*TASK TO COMPLETE*:
Please print the entries below exactly, from the line with "Lime dress with" through the line with "1367 South Country", including both of those lines and leaving out all others.

*RECORDS FOR THIS EXERCISE*:
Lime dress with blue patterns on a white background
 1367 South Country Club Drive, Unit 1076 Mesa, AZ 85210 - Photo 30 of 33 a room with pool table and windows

==

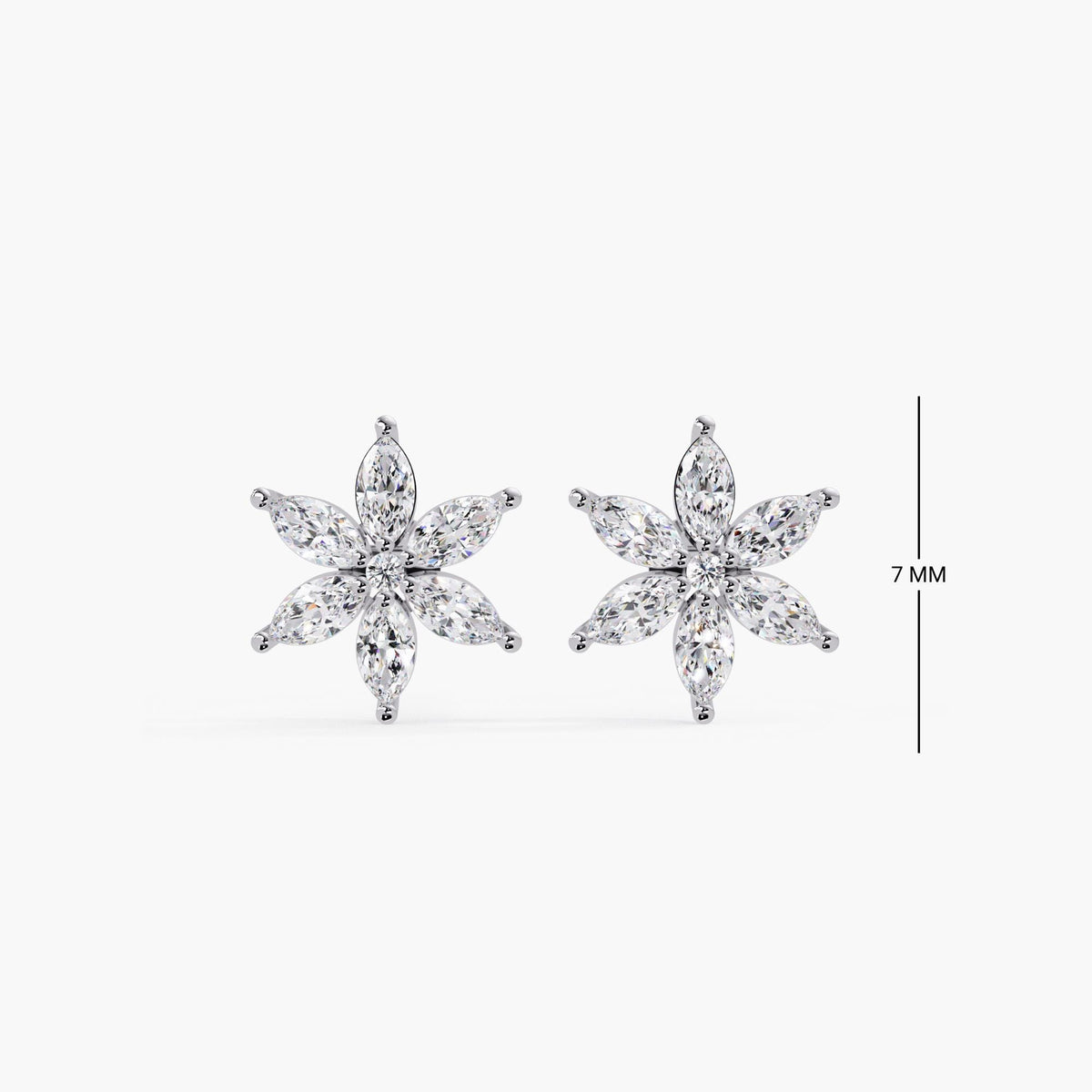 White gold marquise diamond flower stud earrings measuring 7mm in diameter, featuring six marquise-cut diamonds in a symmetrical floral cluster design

*TASK RESPONSE*:
Lime dress with blue patterns on a white background
 1367 South Country Club Drive, Unit 1076 Mesa, AZ 85210 - Photo 30 of 33 a room with pool table and windows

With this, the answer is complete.